Here's my idea, how bout a plane of madness. Not a planet like your other planes but a roving cloud or comet, it starts out in the beginnig small, barely a blip on the campaign radar, but gets bigger spreading madness and illogic as it goes, like a glacier forming on the plane of fire, etc. The PCs would not understand it at first, but as the campaign progresses they've got to fix the problem, and eventually take on whatevers behind the new plane.

The BBEG would be a powerful slaadi or a templated up mind flayer. If you have Malhavoc Press's Chaositech, this would be a good way to use it.

(Shoot I'm likeing this idea might steal it for myself.)
 

I'm liking the suggestions here. I figure I can probably tease at several different directions, and see what the players are most interested in. Well, with all the help I'm getting, I might as well mention a few other campaign elements to see if any of the ideas click:

  • Shaaladel and Shalosha. In the last game, Shaaladel, an Elvish general, ended up being the main villain. A cunning, charming bastard, he stayed out of the thick of conflict until others (such as the PCs) had taken out most of his competition, and then he made his move. The PCs put him down, due in no small part to the assistance of his daughter, Shalosha. Shalosha was in love with Rantle, a PC, and when we ended the game, it was assumed that Rantle and Shalosha would marry and try to bring peace.
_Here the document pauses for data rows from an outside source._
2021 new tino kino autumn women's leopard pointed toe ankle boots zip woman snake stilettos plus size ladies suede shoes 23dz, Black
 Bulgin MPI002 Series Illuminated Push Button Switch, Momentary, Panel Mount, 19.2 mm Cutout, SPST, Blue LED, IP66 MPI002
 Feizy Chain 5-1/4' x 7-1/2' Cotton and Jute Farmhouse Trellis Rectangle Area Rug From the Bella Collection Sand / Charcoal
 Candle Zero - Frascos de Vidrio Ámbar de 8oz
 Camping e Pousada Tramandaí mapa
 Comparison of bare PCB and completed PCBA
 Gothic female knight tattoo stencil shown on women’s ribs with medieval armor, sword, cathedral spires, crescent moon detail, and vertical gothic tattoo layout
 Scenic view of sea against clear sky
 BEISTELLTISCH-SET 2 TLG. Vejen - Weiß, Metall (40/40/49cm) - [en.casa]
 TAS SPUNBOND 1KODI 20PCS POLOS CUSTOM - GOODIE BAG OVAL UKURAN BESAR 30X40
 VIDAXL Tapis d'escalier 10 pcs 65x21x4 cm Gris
    Thing is, Shalosha was directly responsible for her father's death. At the climax of the game, and right now as well, the elemental plane of fire was interfering with teleportation, meaning you needed fire resistance or else you'd burn as you teleport. In the final fight, though Shalosha agreed that her father needed to be stopped, her will broke when she saw him being overwhelmed. So she rushed into the fray and tried to teleport them both to safety, not knowing that her father had been hit with a dispel magic, negating his fire resistance. There was a flash of light, and Shalosha was in the nearby forest, holding the burning, dead body of her father.

    Traumatizing a bit.
    .
  • The Mother of Dreams. The party doesn't know exactly what she is, but they've met her dreams, psychic incarnations of her nightmares, with an agenda of their own. Each dream is the essence of some ideal, like Agony, Indomitability, Deception, or Beauty, and they have powers related to that ideal. The Mother of Dreams is somewhere in the 'underdark,' and her dreams were coming to the surface. In the last campaign, the PCs managed to seal the passage they were using, so there won't be many of these dream creatures, but the ones who are left on the surface would likely be up to something.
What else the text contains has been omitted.